Meu único propósito neste
capítulo é mostrar isso; mostrar que quando sentimos a existência de algo
estranho na teologia cristã, geralmente vamos descobrir que existe algo
estranho na verdade.
Eu aludi a uma frase absurda que
afirmava que não se pode crer neste ou naquele credo em nossa época. É claro
que se pode acreditar em qualquer coisa em qualquer época. Mas, embora pareça
estranho, há de fato um sentido em que um credo, quando digno de alguma crença,
pode ser abraçado mais firmemente numa sociedade complexa do que numa simples.
Se um homem julgar que o cristianismo é verdadeiro em Birmingham, ele realmente
tem razões mais claras para ter fé do que se o tivesse julgado verdadeiro em
Mércia. Pois quanto mais complicada parecer a coincidência, tanto menos ela
pode ser uma coincidência. Se caíssem flocos de neve na forma, digamos, do
coração [brasão] de Midlothian, poderia ser um acidente. Mas se caíssem flocos
de neve com a forma exata do labirinto de Hampton Court, acho que se poderia
chamar isso de milagre.
É exatamente esse tipo de milagre
que passei a perceber na filosofia do cristianismo.

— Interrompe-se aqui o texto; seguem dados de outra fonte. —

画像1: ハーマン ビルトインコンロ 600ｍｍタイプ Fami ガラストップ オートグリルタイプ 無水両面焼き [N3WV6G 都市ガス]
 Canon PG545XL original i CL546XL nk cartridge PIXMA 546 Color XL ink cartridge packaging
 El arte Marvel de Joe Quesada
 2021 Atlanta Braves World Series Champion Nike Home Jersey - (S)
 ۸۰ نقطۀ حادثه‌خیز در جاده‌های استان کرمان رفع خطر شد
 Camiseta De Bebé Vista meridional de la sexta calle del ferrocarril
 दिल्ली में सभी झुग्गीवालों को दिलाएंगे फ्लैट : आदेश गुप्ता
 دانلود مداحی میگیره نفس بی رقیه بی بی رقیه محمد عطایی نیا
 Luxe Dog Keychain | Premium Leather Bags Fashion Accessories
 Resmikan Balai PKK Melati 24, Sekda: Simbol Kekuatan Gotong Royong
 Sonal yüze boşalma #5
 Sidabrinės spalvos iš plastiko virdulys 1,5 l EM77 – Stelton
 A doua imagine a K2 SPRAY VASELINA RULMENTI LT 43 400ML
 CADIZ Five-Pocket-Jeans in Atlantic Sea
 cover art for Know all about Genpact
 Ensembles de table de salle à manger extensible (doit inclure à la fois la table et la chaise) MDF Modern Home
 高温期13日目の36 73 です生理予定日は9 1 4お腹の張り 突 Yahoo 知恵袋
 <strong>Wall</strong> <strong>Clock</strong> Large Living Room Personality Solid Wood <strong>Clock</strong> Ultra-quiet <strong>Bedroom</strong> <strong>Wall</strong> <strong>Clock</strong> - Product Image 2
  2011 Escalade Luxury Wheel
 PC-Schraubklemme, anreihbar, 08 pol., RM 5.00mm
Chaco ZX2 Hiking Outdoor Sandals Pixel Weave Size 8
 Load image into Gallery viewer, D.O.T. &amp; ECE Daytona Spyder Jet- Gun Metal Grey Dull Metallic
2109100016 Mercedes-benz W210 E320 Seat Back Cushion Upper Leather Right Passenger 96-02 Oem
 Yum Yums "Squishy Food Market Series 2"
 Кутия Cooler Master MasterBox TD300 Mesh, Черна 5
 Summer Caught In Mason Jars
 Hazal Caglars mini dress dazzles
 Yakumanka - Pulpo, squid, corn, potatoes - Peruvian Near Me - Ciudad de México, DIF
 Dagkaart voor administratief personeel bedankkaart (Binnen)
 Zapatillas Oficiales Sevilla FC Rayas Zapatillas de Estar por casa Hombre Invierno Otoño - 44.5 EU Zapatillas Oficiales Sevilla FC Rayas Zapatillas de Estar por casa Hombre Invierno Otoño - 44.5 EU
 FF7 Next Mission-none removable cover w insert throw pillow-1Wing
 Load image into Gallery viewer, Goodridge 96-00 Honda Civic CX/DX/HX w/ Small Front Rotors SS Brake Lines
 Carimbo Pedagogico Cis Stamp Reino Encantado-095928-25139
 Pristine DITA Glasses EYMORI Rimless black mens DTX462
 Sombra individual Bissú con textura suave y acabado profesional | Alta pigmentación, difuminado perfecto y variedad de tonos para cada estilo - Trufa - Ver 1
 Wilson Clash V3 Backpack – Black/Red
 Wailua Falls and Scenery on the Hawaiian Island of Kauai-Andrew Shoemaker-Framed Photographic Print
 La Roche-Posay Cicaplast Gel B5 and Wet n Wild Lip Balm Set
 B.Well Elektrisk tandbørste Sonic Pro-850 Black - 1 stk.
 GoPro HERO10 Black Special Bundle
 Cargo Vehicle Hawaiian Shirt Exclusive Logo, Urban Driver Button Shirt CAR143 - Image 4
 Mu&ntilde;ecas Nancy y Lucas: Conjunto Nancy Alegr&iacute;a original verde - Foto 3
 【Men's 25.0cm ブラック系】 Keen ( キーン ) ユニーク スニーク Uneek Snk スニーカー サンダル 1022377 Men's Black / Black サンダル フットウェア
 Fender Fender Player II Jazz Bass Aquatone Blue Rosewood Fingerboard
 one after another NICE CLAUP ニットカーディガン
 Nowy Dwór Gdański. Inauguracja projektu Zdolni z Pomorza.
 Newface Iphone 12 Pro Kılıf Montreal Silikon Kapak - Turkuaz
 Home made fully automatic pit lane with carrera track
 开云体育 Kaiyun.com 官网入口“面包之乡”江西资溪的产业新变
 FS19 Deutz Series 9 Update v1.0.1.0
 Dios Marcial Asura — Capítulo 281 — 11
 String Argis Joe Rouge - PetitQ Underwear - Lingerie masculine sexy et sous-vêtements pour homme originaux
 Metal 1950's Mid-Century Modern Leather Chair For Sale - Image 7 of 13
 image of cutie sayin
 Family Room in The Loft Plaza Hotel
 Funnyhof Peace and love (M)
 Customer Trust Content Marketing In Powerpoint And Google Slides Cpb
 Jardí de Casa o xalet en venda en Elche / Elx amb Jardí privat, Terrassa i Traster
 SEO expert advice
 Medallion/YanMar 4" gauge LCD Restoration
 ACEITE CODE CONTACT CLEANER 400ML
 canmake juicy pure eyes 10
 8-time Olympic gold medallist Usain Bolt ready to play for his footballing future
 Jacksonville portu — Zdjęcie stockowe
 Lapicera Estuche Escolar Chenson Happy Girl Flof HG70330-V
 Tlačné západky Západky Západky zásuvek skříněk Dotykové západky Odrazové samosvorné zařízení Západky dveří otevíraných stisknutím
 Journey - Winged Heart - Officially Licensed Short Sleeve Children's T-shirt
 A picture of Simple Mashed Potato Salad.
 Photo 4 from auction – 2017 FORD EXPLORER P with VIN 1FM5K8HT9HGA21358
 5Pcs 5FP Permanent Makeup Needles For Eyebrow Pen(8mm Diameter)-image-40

A complicação do nosso
mundo moderno prova a verdade do credo mais perfeitamente do que qualquer um dos
simples problemas das épocas de fé. Foi em Notting Hill e Battersea que comecei
a ver que o cristianismo era verdadeiro. É por isso que a fé tem aquela elaboração
de doutrinas e detalhes que tanto incomoda os que admiram o cristianismo sem
acreditar nele. Quando alguém abraça uma crença, essa pessoa se sente orgulhosa
de sua complexidade, como os cientistas se sentem orgulhosos da complexidade da
ciência. O fato mostra como ela é rica em descobertas.”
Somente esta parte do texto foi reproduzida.